I've taken the time to slowly chip away at that wall that's blocking my path to whatever greatness that's waiting for me on the other side.
Now, back to Jillian... I actually heard the intro to 2 of her shows this morning, and both of them related to the same thing which has been another theme-o-the-week: (paraphrasing) it's not about the results, it's about the process.
See, when I started this weight loss journey, I wanted to fit into the skinny jeans, I wanted to look good, I wanted a certain number on the scale and the waist band of my pants to be a certain size.
When I started, that's all I was focused on - the measurable results. All in all, if you have to start somewhere, starting with something measurable is a good place - food, activity, scale, pant size, etc.
The more I worked on that, the more I felt myself banging my head against an invisible wall.
Thing is, once I tried to figure out what that wall was, and how to get around it, /that/ is when I got much more than I bargained for. That's where I really started to learn the self development piece of the equation.
See, for most people, the physical weight is buried under years of emotional weight, and then the subsequent supporting habits. Which is what Jillian was talking about - looking deep within yourself clearing away the issues that surround your core being, and letting it out.
Finding the value in being a healthy person on the inside will eventually translate into finding ways to make your physical body as healthy your spirit.
It's really not about the food. It's not about what exercise you do. Yes those two things ultimately help shape your physical form, but if your spirit is weighing you down, you won't get very far. You'll occasionally eat healthy, go all in with working out, but the 'stick-to-it-ness' won't be there.

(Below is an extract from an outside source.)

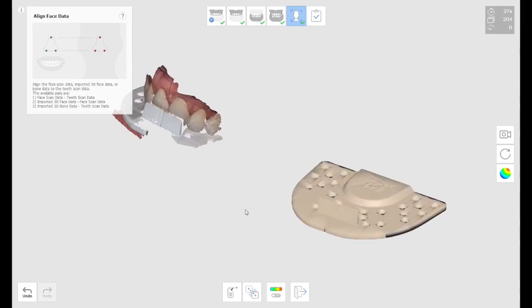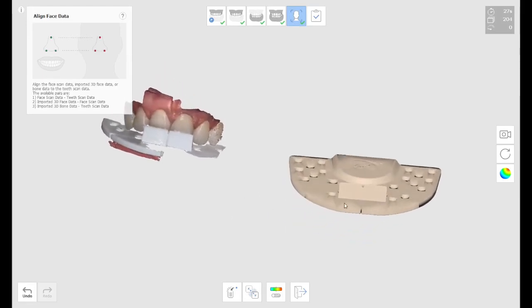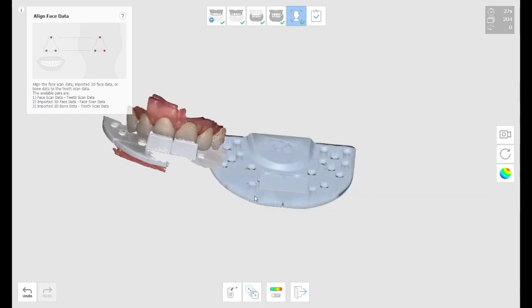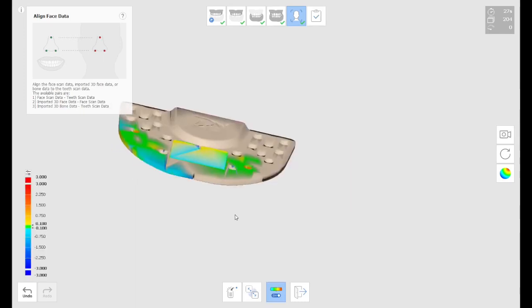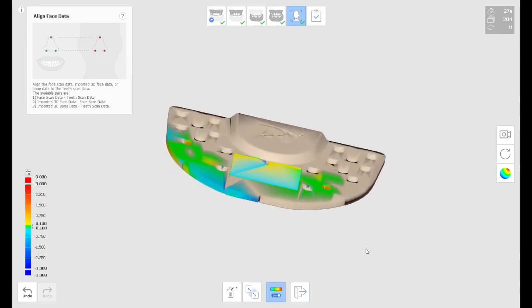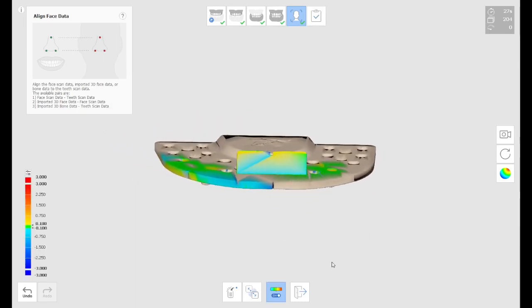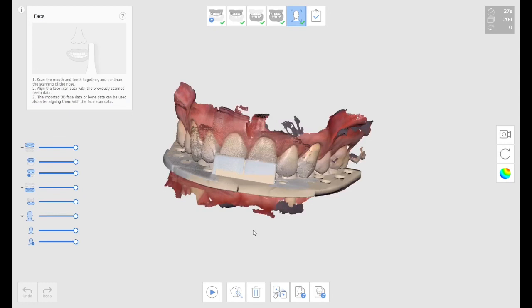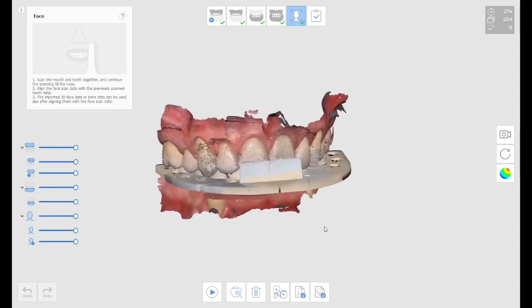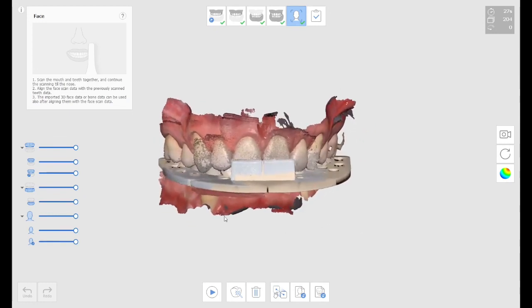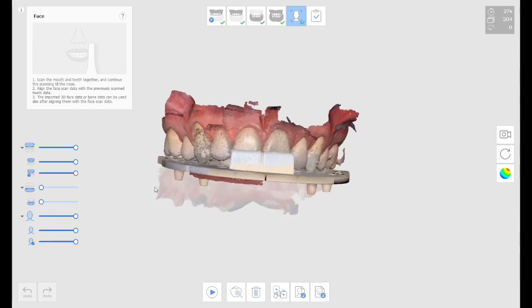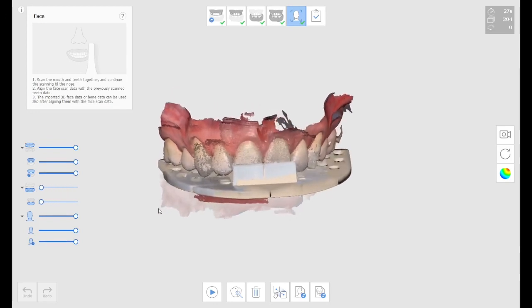That way, I'm going to select two points, again, one on the STL, and then the other one on the actual scan. And then you can see how everything becomes aligned. So I just need to scan a little bit of that index tray in the mouth to be able to align the whole file.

Willpower will never win over ingrained habits.
If your habit is to sleep till the last minute, rush around in the morning and zoom out the door 10 minutes before you need to be at work, will power alone won't help you get up an hour earlier every day to workout, make a good breakfast and leisurely drive to work. Focusing on building your mindset and seeing the overall value of learning a new habit will.
So while I'm not on the same page as Jillian, I definitely appreciate her bringing the concept of building your best SELF first, or at least along side of building your best body.